# [Description of the task]
Apart from the pictures, please restate every entry below exactly.

# [Given data]
┄┄┄┄┄┄┄┄┄┄┄┄┄┄┄┄┄┄┄┄

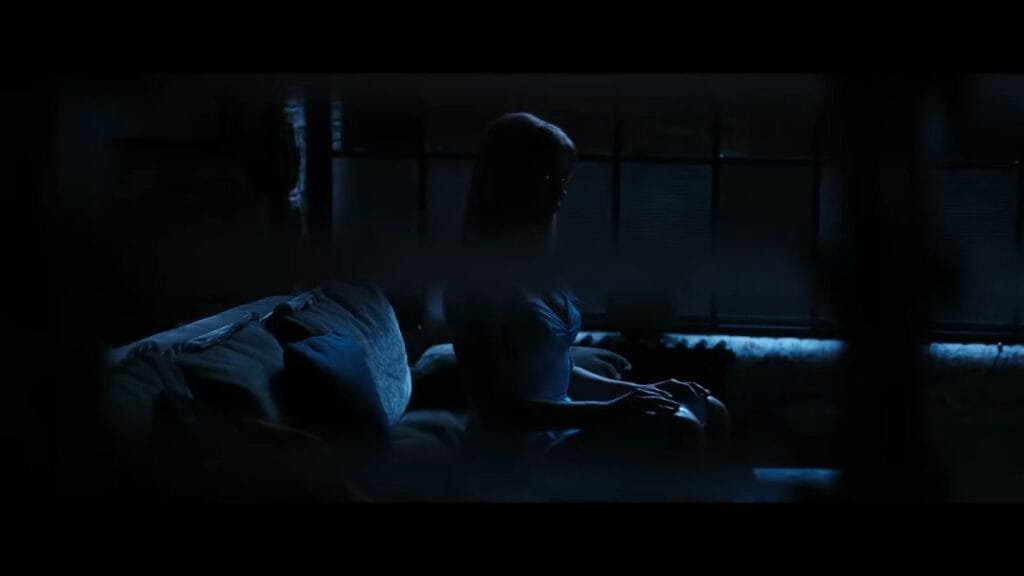 The dark silhouette of blonde android Sara sitting motionless on a sofa in a shadowy living room at night in Soulm8te.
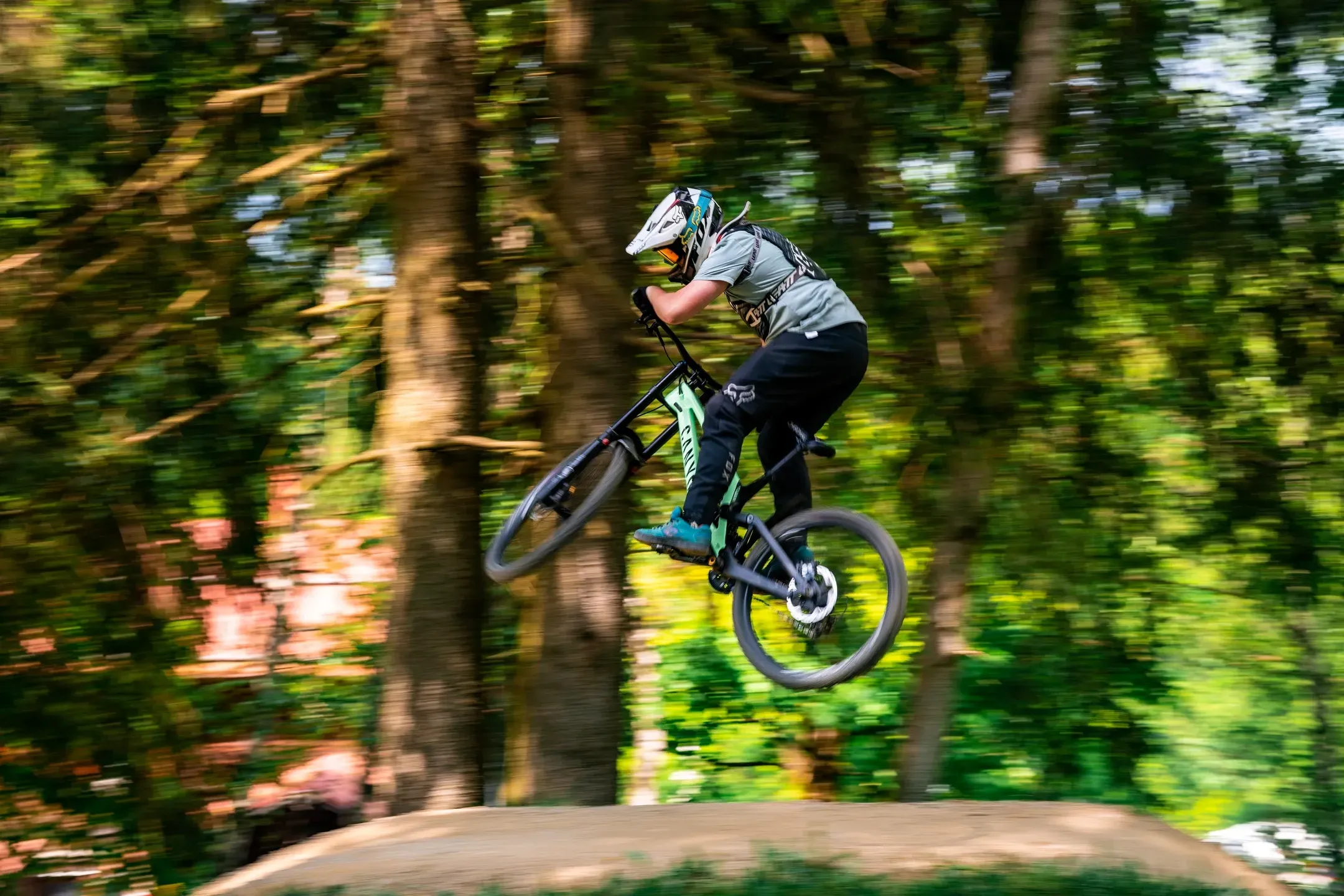 Junger Mountainbiker im Sprung über eine Erdrampe, Mitzieher mit verwischtem grünem Waldhintergrund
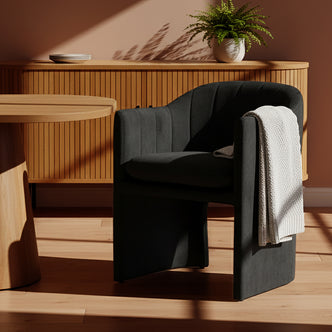 Liora Velvet Curved Accent Armchair in Black features sculptural lines and plush upholstery, with a light throw draped over it, set against a warm wood floor and sideboard.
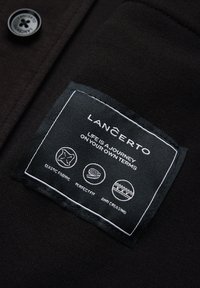 Czarna metka z białym przeszyciem. Tekst zawiera "LANCERTO" oraz symbole dla elastycznej tkaniny, idealnego dopasowania i właściwości przeciwgnieceniu.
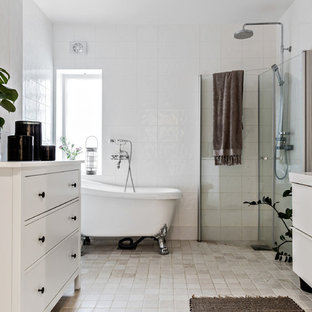 Minimalistisk inredning av ett en-suite badrum, med släta luckor, vita skåp, ett badkar med tassar, en hörndusch, vit kakel, vita väggar, beiget golv och dusch med gångjärnsdörr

┄┄┄┄┄┄┄┄┄┄┄┄┄┄┄┄┄┄┄┄

# [Result]
 The dark silhouette of blonde android Sara sitting motionless on a sofa in a shadowy living room at night in Soulm8te.
 Junger Mountainbiker im Sprung über eine Erdrampe, Mitzieher mit verwischtem grünem Waldhintergrund
 Liora Velvet Curved Accent Armchair in Black features sculptural lines and plush upholstery, with a light throw draped over it, set against a warm wood floor and sideboard.
 Czarna metka z białym przeszyciem. Tekst zawiera "LANCERTO" oraz symbole dla elastycznej tkaniny, idealnego dopasowania i właściwości przeciwgnieceniu.
 Minimalistisk inredning av ett en-suite badrum, med släta luckor, vita skåp, ett badkar med tassar, en hörndusch, vit kakel, vita väggar, beiget golv och dusch med gångjärnsdörr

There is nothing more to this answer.